From the data below, repeat exactly the lines from the line with "three students experimenting with dry ice" to the line with "a bedroom with", both included.
[DATA TO USE — start]
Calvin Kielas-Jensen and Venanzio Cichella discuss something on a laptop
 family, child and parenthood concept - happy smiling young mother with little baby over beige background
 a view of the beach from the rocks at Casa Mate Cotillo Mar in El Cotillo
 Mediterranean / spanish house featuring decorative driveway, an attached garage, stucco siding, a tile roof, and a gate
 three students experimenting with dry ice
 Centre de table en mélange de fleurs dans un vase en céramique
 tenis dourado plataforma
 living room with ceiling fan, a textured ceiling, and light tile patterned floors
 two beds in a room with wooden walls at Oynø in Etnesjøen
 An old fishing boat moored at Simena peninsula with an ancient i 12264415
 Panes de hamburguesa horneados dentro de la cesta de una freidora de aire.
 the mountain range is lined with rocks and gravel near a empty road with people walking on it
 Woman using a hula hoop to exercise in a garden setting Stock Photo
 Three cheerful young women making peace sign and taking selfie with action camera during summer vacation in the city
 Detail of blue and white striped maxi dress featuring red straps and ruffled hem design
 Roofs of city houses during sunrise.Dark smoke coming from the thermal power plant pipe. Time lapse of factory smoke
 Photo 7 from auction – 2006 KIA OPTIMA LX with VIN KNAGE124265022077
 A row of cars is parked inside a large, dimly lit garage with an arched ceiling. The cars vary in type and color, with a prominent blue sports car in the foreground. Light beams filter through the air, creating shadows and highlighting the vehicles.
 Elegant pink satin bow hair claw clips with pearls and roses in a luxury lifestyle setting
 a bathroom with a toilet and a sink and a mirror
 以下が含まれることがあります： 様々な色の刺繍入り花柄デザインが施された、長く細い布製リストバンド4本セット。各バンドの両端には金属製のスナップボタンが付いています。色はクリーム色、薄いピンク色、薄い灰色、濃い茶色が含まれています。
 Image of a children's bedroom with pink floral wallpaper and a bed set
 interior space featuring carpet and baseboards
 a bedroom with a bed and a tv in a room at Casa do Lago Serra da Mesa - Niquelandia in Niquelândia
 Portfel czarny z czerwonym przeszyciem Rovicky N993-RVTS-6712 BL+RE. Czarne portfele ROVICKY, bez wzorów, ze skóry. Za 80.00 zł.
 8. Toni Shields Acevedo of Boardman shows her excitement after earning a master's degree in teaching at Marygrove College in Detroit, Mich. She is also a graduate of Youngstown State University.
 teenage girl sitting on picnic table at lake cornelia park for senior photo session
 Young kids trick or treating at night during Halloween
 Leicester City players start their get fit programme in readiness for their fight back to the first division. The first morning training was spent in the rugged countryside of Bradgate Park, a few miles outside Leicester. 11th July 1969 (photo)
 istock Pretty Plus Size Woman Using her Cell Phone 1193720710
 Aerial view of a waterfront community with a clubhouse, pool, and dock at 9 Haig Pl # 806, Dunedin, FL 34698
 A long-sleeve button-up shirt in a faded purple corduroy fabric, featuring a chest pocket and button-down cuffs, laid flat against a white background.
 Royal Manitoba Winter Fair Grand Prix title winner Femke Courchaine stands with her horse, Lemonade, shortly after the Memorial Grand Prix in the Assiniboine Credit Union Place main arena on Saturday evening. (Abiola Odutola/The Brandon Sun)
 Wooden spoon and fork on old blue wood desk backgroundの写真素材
[DATA TO USE — finish]
YOUR RESPONSE.
 three students experimenting with dry ice
 Centre de table en mélange de fleurs dans un vase en céramique
 tenis dourado plataforma
 living room with ceiling fan, a textured ceiling, and light tile patterned floors
 two beds in a room with wooden walls at Oynø in Etnesjøen
 An old fishing boat moored at Simena peninsula with an ancient i 12264415
 Panes de hamburguesa horneados dentro de la cesta de una freidora de aire.
 the mountain range is lined with rocks and gravel near a empty road with people walking on it
 Woman using a hula hoop to exercise in a garden setting Stock Photo
 Three cheerful young women making peace sign and taking selfie with action camera during summer vacation in the city
 Detail of blue and white striped maxi dress featuring red straps and ruffled hem design
 Roofs of city houses during sunrise.Dark smoke coming from the thermal power plant pipe. Time lapse of factory smoke
 Photo 7 from auction – 2006 KIA OPTIMA LX with VIN KNAGE124265022077
 A row of cars is parked inside a large, dimly lit garage with an arched ceiling. The cars vary in type and color, with a prominent blue sports car in the foreground. Light beams filter through the air, creating shadows and highlighting the vehicles.
 Elegant pink satin bow hair claw clips with pearls and roses in a luxury lifestyle setting
 a bathroom with a toilet and a sink and a mirror
 以下が含まれることがあります： 様々な色の刺繍入り花柄デザインが施された、長く細い布製リストバンド4本セット。各バンドの両端には金属製のスナップボタンが付いています。色はクリーム色、薄いピンク色、薄い灰色、濃い茶色が含まれています。
 Image of a children's bedroom with pink floral wallpaper and a bed set
 interior space featuring carpet and baseboards
 a bedroom with a bed and a tv in a room at Casa do Lago Serra da Mesa - Niquelandia in Niquelândia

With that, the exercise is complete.